In what will be his first trip to the region since becoming President Donald Trump’s top diplomat on Feb. 1, Tillerson is arranging to visit Japan on March 17 and 18 for talks with Foreign Minister Fumio Kishida, the sources said.
The trip comes as the Trump administration is reportedly reviewing its policy options for North Korea, ranging from putting the country back on a list of state sponsors of terrorism, to use of military force and regime change to curb the nuclear threat posed by Pyongyang.
During the visit to Beijing, Tillerson plans to meet with Chinese Foreign Minister Wang Yi and possibly with President Xi Jinping, according to the sources.
The two sides are expected to coordinate a meeting between Xi and Trump in the United States as early as April, they said.
Tillerson is expected to urge China, which has considerable economic leverage on North Korea, to put more pressure on Pyongyang.

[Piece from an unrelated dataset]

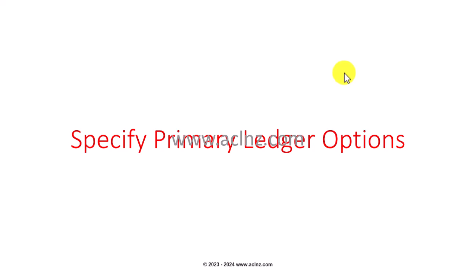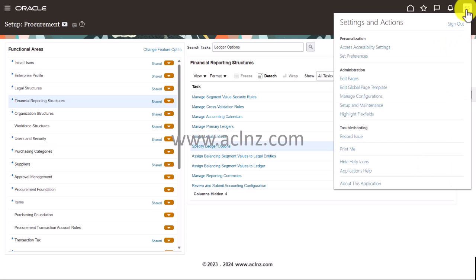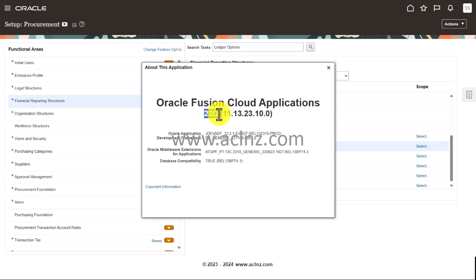Let's go back to the Fusion Cloud and I'm going to show you how you can specify the ledger options in relation to the primary ledger which we have just created. Before we proceed ahead, I'm going to quickly show you the release and version we are on. We are on Release 13 and on 23D, which is the latest version according to my knowledge.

Trump has complained Beijing has not been doing enough to press Pyongyang to rein in its development of nuclear weapons and ballistic missiles.
Tillerson also plans to seek China’s approval of the planned deployment in South Korea of an advanced U.S. missile defense system known as the Terminal High Altitude Area Defense system, or THAAD, as part of a greater deterrence effort against North Korea.
He is likely to raise trade issues between the world’s two biggest economies and Washington’s objection to Beijing’s island construction and militarization of outposts in disputed areas of the South China Sea as well.
In the Tokyo meeting, Tillerson and Kishida are likely to discuss the specific timing of a visit to Japan by Trump this year, according to the sources.
In Seoul, Tillerson plans to hold talks with South Korean Foreign Minister Yun Byung-se at which North Korea’s weapons development as well as the Feb. 13 assassination of Kim Jong Nam, the half brother of North Korean leader Kim Jong Un, in Malaysia are likely to be at the top of the agenda.
Trump administration officials have said “all options” are under consideration to deal with the North, a departure from the previous policy of “strategic patience” pursued by Trump’s predecessor, Barack Obama.
Obama’s policy of patience — or waiting for North Korea to change its behavior under the pressure of sanctions — has been widely regarded as ineffective in curbing its missile and nuclear weapon development.
Last year alone, North Korea launched more than 20 ballistic missiles as well as conducting two atomic tests, including its most powerful to date.
Last month, Pyongyang test-launched an intermediate-range ballistic missile in violation of U.N. Security Council resolutions that expressly prohibit the country’s ballistic missile and nuclear programs — an act that many analysts regarded as a test of Trump’s North Korea policy.
The Feb. 12 launch was followed by the killing of Kim Jong Nam, in which Pyongyang’s involvement is suspected. Malaysian police have determined that the highly toxic nerve agent VX was used to swiftly kill him at Kuala Lumpur International Airport.